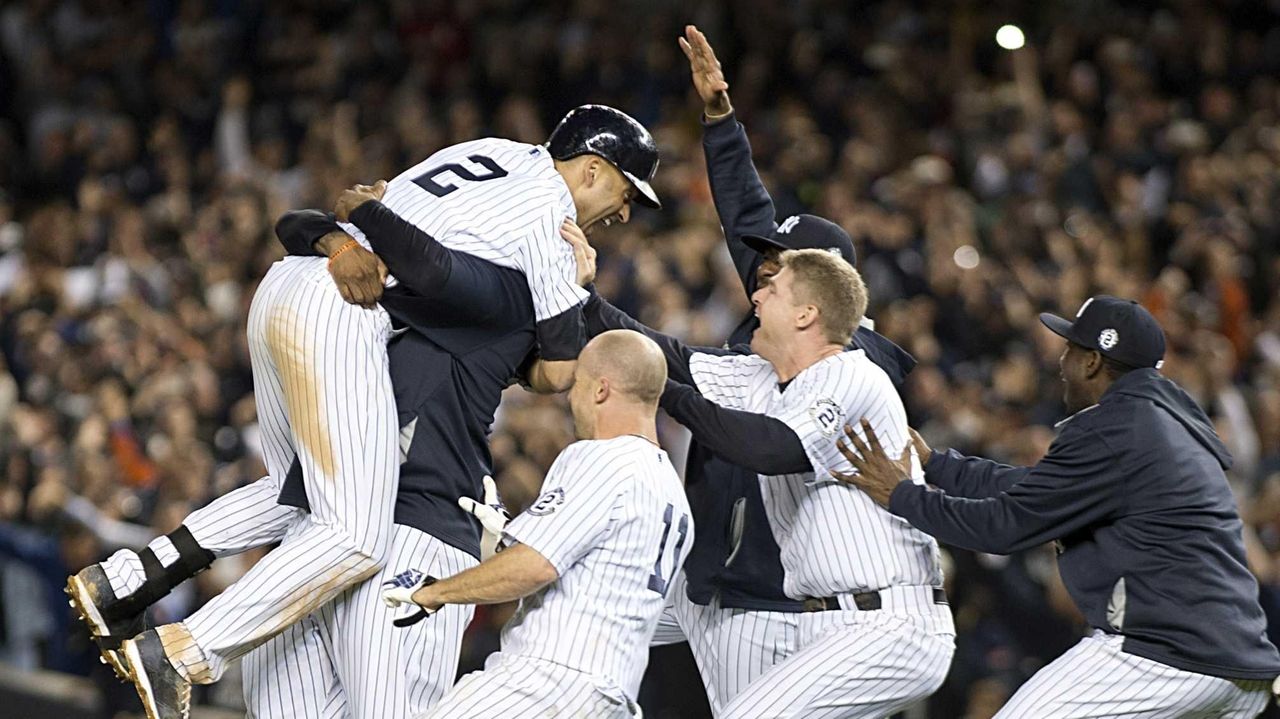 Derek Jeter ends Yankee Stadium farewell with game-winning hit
* * *
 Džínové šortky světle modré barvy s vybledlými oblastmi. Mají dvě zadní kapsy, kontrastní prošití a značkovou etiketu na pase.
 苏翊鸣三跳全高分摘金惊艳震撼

ACTIVITY: Of all the entries above, retype exactly the lines from the line with "Džínové šortky světle" to the line with "苏翊鸣三跳全高分摘金惊艳震撼", both included, and no others.

ANSWER TO THE PROBLEM:
 Džínové šortky světle modré barvy s vybledlými oblastmi. Mají dvě zadní kapsy, kontrastní prošití a značkovou etiketu na pase.
 苏翊鸣三跳全高分摘金惊艳震撼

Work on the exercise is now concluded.